Qu’en pense Mandela ?
D’un mot, s’il le voulait, Nelson Mandela pourrait régler la bataille de la succession. Le premier président noir du pays, qui s’est retiré après un seul mandat, conserve un poids certain au sein de l’ANC et force le respect d’une écrasante majorité de Sud-Africains. Mais il s’est sciemment tenu à bonne distance de la scène politique depuis plusieurs années maintenant, se dévouant à la lutte contre le sida. Pour rester le plus neutre possible, il a même demandé récemment à la chaîne de télévision publique, SABC, de retirer d’un jingle des images qui le montraient aux côtés de Mbeki.

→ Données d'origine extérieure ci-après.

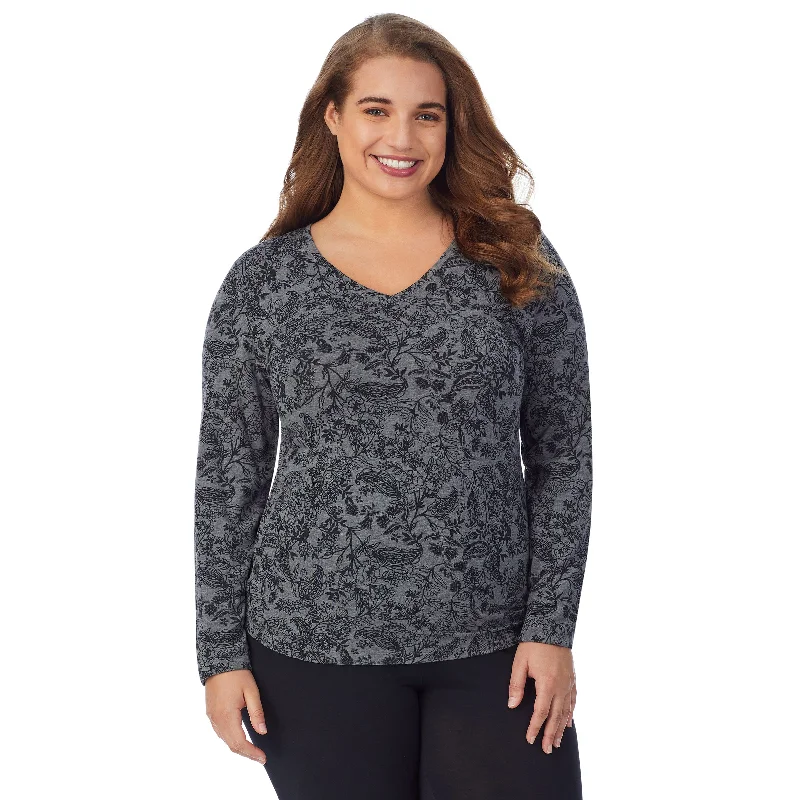 Heather Grey Paisley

Son ex-épouse, Winnie Madikizela-Mandela, en revanche, n’a pas caché ses opinions. Malgré sa réputation sulfureuse, elle a conservé sa popularité acquise sous l’apartheid. Elle a d’abord accordé sa préférence à Tokyo Sexwale. Maintenant que Zuma a reçu le soutien de ce dernier, pourrait-il gagner, aussi, celui de Winnie ? Possible. En revanche, il paraît peu probable qu’il finisse par obtenir celui de « Madiba ». Ce dernier n’a jamais montré une réelle proximité avec Zuma, et son engagement dans la lutte contre le sida pourrait disqualifier d’emblée un dirigeant semblant faire peu de cas de la pandémie qui décime l’Afrique du Sud depuis vingt ans.